== ACTIVITY ==
Go through the data line by line from the top, retyping each exactly, and end with the line that contains "2026 Harley-Davidson® Street".

== PROVIDED MATERIAL ==
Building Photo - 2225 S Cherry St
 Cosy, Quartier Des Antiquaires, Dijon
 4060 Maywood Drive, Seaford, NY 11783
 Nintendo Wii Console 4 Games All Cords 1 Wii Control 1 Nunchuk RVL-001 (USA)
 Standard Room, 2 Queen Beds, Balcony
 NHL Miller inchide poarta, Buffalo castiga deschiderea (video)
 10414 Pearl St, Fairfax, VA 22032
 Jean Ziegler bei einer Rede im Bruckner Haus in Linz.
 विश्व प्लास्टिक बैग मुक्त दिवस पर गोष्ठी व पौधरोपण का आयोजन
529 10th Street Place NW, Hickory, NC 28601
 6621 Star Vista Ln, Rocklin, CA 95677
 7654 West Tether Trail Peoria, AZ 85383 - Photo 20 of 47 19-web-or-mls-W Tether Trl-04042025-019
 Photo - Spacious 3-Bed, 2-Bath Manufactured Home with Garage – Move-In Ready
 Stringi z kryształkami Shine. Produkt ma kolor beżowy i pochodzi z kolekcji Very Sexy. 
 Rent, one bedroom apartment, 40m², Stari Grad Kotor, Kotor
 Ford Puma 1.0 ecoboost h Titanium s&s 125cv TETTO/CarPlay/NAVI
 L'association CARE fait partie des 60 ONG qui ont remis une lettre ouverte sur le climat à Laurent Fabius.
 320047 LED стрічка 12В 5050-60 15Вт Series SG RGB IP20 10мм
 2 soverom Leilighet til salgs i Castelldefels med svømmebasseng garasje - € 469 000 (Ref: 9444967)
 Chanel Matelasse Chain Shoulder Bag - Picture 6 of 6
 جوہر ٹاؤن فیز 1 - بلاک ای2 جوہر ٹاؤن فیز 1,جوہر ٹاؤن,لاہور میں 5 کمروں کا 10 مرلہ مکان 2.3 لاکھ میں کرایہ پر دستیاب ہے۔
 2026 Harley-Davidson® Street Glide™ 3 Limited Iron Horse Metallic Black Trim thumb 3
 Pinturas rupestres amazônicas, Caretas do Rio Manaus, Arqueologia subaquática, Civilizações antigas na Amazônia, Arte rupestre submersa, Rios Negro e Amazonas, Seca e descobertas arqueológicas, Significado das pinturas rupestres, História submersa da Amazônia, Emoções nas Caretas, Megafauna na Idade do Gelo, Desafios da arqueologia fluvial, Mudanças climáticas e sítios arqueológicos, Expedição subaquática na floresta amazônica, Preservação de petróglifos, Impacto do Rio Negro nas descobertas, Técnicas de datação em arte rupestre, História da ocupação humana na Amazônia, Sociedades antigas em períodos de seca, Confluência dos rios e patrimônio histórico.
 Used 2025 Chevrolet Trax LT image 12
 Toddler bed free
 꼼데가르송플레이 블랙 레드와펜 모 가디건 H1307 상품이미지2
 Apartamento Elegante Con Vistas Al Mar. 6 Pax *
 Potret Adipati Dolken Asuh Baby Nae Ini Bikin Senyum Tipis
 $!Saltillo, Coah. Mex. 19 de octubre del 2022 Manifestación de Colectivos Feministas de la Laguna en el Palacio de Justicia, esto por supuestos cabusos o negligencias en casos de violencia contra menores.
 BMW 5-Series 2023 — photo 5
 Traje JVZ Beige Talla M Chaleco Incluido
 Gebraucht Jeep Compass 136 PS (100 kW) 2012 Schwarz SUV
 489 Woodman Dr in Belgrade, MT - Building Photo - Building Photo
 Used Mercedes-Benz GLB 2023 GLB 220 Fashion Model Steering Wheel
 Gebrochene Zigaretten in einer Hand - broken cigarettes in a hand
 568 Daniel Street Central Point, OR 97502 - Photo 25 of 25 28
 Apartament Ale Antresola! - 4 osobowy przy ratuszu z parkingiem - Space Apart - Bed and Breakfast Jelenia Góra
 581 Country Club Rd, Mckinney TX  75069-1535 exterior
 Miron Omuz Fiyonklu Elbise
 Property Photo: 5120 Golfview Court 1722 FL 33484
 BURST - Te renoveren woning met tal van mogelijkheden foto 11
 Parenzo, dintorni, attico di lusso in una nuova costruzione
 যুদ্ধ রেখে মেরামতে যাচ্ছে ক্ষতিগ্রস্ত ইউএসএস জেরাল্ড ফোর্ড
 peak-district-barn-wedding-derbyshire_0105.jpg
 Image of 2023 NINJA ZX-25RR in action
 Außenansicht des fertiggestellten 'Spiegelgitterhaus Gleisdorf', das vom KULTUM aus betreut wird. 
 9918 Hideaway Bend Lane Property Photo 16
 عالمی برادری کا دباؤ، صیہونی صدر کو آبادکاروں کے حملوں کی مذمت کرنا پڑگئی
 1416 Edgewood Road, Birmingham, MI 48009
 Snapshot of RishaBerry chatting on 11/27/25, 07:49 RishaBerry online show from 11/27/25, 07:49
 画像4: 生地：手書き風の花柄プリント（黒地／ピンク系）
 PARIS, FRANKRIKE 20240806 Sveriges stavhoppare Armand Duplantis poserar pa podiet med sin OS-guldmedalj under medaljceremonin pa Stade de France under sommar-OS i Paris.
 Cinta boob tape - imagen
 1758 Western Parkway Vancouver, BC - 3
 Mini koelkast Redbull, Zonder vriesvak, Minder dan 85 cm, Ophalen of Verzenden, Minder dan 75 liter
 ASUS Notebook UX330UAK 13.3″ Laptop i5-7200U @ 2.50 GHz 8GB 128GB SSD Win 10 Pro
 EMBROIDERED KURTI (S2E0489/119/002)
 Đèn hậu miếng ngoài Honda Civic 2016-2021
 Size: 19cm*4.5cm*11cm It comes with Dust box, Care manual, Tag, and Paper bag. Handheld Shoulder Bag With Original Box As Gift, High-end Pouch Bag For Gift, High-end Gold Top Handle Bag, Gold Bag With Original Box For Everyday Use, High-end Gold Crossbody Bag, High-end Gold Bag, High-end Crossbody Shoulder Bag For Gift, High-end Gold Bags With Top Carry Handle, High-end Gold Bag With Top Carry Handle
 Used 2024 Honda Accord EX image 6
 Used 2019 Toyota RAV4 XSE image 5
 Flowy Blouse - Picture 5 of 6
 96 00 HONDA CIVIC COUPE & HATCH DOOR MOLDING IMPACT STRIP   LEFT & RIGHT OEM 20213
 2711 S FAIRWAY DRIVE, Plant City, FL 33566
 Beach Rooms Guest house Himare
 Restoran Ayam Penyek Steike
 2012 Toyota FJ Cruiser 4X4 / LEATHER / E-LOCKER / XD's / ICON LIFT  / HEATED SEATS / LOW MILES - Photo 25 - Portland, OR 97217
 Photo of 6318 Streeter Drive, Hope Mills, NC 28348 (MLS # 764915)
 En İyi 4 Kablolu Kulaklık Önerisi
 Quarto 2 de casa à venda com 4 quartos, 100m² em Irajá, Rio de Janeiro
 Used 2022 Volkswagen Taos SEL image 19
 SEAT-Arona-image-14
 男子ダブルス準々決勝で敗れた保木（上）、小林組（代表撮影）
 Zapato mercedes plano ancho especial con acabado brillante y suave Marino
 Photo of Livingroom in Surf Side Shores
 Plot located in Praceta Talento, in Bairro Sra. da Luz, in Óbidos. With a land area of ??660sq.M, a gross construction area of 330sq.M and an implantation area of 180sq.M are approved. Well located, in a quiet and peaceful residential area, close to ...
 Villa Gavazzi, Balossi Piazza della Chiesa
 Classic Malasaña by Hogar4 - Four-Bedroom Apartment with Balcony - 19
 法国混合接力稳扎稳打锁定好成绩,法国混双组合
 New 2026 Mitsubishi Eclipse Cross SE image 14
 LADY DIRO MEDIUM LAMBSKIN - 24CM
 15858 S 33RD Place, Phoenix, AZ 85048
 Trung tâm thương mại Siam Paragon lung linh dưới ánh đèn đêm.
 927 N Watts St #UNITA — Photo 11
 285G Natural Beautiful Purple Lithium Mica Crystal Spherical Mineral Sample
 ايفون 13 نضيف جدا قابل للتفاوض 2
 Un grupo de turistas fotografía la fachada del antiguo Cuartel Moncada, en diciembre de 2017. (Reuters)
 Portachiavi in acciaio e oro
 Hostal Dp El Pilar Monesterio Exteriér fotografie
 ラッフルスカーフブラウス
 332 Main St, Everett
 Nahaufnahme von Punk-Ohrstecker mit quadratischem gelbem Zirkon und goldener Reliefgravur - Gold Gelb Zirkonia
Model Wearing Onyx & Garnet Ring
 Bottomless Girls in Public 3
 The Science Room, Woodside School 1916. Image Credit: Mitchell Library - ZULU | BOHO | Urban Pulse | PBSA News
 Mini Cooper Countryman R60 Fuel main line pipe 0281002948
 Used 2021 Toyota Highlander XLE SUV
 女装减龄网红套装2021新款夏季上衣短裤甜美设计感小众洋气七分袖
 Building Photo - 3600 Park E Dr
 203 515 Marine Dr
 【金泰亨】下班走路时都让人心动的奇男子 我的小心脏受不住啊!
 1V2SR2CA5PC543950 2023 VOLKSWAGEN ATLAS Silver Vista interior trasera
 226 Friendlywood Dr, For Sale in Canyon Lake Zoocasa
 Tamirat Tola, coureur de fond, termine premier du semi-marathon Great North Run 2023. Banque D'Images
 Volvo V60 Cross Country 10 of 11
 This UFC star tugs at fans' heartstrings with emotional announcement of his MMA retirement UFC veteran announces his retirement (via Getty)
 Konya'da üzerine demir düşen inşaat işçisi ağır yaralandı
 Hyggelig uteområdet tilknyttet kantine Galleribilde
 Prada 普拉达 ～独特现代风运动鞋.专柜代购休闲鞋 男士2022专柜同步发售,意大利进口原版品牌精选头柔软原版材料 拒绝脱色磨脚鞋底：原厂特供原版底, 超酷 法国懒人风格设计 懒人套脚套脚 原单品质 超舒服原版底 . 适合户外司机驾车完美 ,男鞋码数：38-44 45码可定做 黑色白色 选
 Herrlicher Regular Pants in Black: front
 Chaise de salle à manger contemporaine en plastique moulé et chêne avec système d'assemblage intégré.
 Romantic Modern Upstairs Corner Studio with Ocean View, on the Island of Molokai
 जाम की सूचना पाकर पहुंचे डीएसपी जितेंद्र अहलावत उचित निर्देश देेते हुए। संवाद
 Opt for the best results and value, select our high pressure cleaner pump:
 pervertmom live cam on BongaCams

== ANSWER TO THIS PROBLEM ==
Building Photo - 2225 S Cherry St
 Cosy, Quartier Des Antiquaires, Dijon
 4060 Maywood Drive, Seaford, NY 11783
 Nintendo Wii Console 4 Games All Cords 1 Wii Control 1 Nunchuk RVL-001 (USA)
 Standard Room, 2 Queen Beds, Balcony
 NHL Miller inchide poarta, Buffalo castiga deschiderea (video)
 10414 Pearl St, Fairfax, VA 22032
 Jean Ziegler bei einer Rede im Bruckner Haus in Linz.
 विश्व प्लास्टिक बैग मुक्त दिवस पर गोष्ठी व पौधरोपण का आयोजन
529 10th Street Place NW, Hickory, NC 28601
 6621 Star Vista Ln, Rocklin, CA 95677
 7654 West Tether Trail Peoria, AZ 85383 - Photo 20 of 47 19-web-or-mls-W Tether Trl-04042025-019
 Photo - Spacious 3-Bed, 2-Bath Manufactured Home with Garage – Move-In Ready
 Stringi z kryształkami Shine. Produkt ma kolor beżowy i pochodzi z kolekcji Very Sexy. 
 Rent, one bedroom apartment, 40m², Stari Grad Kotor, Kotor
 Ford Puma 1.0 ecoboost h Titanium s&s 125cv TETTO/CarPlay/NAVI
 L'association CARE fait partie des 60 ONG qui ont remis une lettre ouverte sur le climat à Laurent Fabius.
 320047 LED стрічка 12В 5050-60 15Вт Series SG RGB IP20 10мм
 2 soverom Leilighet til salgs i Castelldefels med svømmebasseng garasje - € 469 000 (Ref: 9444967)
 Chanel Matelasse Chain Shoulder Bag - Picture 6 of 6
 جوہر ٹاؤن فیز 1 - بلاک ای2 جوہر ٹاؤن فیز 1,جوہر ٹاؤن,لاہور میں 5 کمروں کا 10 مرلہ مکان 2.3 لاکھ میں کرایہ پر دستیاب ہے۔
 2026 Harley-Davidson® Street Glide™ 3 Limited Iron Horse Metallic Black Trim thumb 3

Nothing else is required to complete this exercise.